そしてわたしの後ろにはウリバタケさん、イネス先生、アカツキさん、プロスさんがいる。
「………君が知る必要があるのかい?」
シバヤマさんが冷たくわたしに言い放ちました。
「わたしたちのカメラは姿を映していませんでしたが、あなたは見ているはずです。敵なのか味方なのかわからない彼らの姿を」
「ふっ………いかにも天才少女の言いそうな台詞だね」
一笑して立ち去ろうとしたシバヤマさんの姿に、わたしは咄嗟に頭にきました。
「傲慢な言い方かもしれませんが、わたしがいなければナデシコは、オモイカネはまともに操作できません。これは脅しです。それでも話してもらえませんか?」
この言葉にシバヤマさんは立ち止まり、振り返ってわたしの前で片膝をついて顔を見ました。

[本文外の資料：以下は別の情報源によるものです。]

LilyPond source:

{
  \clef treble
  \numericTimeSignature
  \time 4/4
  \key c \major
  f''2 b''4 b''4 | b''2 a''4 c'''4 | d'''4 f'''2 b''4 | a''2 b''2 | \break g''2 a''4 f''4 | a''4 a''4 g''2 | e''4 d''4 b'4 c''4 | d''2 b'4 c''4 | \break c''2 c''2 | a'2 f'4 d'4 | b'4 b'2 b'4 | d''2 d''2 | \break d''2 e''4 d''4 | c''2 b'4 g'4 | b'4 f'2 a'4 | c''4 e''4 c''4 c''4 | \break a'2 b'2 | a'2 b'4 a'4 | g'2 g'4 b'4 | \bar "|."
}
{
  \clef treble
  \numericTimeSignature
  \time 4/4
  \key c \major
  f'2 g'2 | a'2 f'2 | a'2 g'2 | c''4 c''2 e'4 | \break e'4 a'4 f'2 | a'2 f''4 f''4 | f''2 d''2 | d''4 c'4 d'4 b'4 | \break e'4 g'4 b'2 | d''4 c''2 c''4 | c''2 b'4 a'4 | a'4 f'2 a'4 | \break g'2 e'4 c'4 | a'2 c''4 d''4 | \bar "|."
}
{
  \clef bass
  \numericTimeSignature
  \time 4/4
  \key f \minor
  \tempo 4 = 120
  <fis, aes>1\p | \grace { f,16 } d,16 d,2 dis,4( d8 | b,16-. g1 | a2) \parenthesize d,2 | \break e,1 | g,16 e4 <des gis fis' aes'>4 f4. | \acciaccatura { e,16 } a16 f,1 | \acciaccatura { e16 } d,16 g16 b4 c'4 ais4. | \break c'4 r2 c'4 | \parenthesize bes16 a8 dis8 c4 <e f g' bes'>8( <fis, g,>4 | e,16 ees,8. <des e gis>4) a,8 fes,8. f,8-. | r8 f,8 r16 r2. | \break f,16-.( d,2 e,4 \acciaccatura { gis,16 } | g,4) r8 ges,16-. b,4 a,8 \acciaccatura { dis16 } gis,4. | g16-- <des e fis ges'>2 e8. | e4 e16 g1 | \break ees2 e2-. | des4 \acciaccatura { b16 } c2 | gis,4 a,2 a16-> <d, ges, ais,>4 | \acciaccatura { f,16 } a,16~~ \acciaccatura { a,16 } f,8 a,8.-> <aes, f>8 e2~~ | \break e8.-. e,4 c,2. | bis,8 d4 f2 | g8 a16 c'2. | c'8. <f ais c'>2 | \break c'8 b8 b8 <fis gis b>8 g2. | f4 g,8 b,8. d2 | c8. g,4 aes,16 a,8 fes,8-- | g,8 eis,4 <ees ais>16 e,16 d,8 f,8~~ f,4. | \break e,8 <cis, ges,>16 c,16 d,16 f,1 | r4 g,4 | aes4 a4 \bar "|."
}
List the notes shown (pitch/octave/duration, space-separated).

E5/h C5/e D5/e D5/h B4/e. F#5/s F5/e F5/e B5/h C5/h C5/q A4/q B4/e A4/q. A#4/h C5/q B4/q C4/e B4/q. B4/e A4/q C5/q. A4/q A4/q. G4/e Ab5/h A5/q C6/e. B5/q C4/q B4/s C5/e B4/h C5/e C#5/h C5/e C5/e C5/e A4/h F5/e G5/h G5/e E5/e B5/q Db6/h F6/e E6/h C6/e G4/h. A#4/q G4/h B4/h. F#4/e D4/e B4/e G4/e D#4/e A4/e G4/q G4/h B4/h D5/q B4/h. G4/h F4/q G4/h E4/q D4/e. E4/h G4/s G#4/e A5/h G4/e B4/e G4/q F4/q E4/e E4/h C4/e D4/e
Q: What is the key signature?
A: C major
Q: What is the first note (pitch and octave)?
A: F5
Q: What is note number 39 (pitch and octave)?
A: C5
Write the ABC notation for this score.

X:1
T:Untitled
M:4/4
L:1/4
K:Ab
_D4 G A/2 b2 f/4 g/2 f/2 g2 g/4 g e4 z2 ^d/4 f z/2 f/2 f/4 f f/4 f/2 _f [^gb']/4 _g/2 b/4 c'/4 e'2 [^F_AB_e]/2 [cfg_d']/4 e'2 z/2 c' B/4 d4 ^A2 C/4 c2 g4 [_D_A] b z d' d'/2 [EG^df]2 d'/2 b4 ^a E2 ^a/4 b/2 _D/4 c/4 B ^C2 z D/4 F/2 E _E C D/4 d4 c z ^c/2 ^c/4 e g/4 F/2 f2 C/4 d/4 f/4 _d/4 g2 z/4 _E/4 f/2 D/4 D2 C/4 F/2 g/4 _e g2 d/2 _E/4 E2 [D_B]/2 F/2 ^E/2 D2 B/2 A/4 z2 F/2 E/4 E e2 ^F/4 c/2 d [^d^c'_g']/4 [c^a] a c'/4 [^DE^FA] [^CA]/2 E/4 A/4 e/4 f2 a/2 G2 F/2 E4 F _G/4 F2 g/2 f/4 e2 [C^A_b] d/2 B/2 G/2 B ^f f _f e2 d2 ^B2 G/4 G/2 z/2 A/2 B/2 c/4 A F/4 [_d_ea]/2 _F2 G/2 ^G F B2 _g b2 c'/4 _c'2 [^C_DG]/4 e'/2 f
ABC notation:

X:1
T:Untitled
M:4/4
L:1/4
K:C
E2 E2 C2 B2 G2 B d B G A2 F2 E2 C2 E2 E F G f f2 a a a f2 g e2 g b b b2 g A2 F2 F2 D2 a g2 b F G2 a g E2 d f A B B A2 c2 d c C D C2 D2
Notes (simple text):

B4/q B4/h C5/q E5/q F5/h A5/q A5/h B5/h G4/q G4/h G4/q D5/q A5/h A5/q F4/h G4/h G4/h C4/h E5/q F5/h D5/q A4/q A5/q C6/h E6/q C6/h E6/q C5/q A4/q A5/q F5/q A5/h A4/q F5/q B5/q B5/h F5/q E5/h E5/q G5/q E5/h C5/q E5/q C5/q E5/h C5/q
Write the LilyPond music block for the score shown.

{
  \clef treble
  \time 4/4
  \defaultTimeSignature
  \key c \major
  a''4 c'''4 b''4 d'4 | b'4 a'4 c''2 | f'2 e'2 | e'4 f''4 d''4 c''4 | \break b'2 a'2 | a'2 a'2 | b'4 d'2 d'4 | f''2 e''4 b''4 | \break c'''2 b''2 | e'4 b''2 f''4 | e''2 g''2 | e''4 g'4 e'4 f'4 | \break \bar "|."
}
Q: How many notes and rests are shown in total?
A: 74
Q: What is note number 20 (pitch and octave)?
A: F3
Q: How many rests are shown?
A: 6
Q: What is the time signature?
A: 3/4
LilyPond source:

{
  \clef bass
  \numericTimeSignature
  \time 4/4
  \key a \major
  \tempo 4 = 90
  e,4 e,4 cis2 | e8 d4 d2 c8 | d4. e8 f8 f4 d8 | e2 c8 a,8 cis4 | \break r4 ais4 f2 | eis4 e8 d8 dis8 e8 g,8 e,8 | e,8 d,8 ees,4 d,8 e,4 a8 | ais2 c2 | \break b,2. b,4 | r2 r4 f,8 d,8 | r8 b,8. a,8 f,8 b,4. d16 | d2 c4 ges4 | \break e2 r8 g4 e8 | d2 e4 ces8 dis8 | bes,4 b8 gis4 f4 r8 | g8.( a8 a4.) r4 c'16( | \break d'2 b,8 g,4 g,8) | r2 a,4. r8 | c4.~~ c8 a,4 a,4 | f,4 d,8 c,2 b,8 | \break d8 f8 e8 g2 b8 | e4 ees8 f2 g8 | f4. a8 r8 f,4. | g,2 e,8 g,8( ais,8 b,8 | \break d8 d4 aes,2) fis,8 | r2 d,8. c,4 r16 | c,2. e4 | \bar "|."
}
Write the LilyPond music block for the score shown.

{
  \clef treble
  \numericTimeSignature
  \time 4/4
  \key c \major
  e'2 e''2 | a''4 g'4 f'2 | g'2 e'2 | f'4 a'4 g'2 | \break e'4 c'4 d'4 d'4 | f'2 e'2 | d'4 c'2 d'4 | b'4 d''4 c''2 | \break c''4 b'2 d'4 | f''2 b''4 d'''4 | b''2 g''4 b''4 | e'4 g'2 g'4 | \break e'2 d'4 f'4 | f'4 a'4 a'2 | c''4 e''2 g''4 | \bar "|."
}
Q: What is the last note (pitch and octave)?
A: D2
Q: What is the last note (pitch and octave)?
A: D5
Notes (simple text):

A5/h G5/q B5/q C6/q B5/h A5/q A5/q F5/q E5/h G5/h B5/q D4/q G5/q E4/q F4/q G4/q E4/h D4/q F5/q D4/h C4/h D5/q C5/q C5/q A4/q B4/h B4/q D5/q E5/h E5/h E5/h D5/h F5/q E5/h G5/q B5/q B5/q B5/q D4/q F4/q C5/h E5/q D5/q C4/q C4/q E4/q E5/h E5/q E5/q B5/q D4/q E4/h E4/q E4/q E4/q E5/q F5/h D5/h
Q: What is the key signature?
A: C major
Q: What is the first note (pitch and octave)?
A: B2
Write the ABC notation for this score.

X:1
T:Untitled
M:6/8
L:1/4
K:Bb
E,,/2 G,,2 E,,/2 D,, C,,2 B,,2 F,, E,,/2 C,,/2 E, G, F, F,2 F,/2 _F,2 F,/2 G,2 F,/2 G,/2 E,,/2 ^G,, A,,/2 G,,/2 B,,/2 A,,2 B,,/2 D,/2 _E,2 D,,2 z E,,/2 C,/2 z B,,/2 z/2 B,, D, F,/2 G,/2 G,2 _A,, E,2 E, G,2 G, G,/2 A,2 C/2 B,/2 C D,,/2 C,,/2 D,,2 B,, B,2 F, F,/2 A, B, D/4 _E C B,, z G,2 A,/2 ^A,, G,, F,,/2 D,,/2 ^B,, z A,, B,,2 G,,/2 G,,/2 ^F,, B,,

「別に、君がいなくてもナデシコは飛ばすことは出来る」
「どういうことですか?」
「わからないかな? 君がいなければ別のIFS強化人間を使うだけさ。君よりも小さいが戦争をするだけの道具としてなら立派に使えるだろうからね」
パシッ………
乾いた音が響きました。
思わずシバヤマさんの頬を叩いてしまった右手の掌が少しだけ痛みました。
「あなた、最低ですね」
「………そうだな」
そう言って、シバヤマさんは立ち去っていくのをもう止めませんでした。
これ以上、あの人の顔を見たくありませんでしたから。
戦争が始まる、、、、、
真実の隠された戦争が、、、、、
逃げ道のないラビリンス、、、、、、
それは二人の堕天使に導かれるかのように、、、、、
誰かがいいました、、、、、
人の夢と書いて儚いと読むと、、、、、
わたしの夢は、、、、、、、、、、、
「おい、大丈夫かルリちゃん?」
ウリバタケさんが心配そうにわたしに声をかけました。
「ウリバタケさん、、、そして、みなさん!」
わたしは振り返ってみなさんの顔を見ました。
アカツキさんも、イネスさんも、プロスさんも、そしてウリバタケさんも真剣な顔でわたしを見ています。
いえ、見てくれています!
「わたし、逃げません。だから、、、だから真実を教えてください!」
次回予告(プロスペクター口調)
おや、今回は私の番ですかな?
次回はついにナデシコの完成ですよぉ!
隠された真実に立ち向かうルリさんの姿はなんとも健気で、オジサン、泣いちゃいそうです
そしてテンカワさんと艦長の取るべき道は、いったいどっち?
賞味期限が1年2ヶ月過ぎたビールを飲んでも平気な作者が送る次回、機動戦艦ナデシコ
OVERTURN The prince of darkness
『ボクたちの戦争が再びはじまる』を、みなさんで見てくださいよぉ!!
そんなわけで、きーちゃんです☆
ちょっと、そこの人、そんなわけってどんなわけ?って聞かないで下さい(涙)
えっと、、、、、戦闘シーン嫌いっっっ!!!(号泣)
以上、今回の感想でした(笑)
さて、予告でも触れましたけど最近、大学で1年2ヶ月賞味期限が過ぎたア○ヒビールを見つけたんですよ
飲んでみると、、、、、なんと、どっかの地ビールとおんなじ味なんですよ!(爆)
おれにはおれっちもびっくりしました
みなさんは、賞味期限が過ぎたものと拾ったものは食べないようにね☆
しかし、ホントに飲んでばかりだなあ・・・・・
それでは、またお会いしましょう♪
では!!!
BGM:B'z『MOTEL』
代理人の感想
ん〜〜〜〜む。
シバヤマ、言いたいことは分かるんですがもちっと言いようはあるだろうにw
丸い卵も切りよで四角、物も言いよで角が立つ、と。
意外なところでガキっぽさを見たような気がしましたね。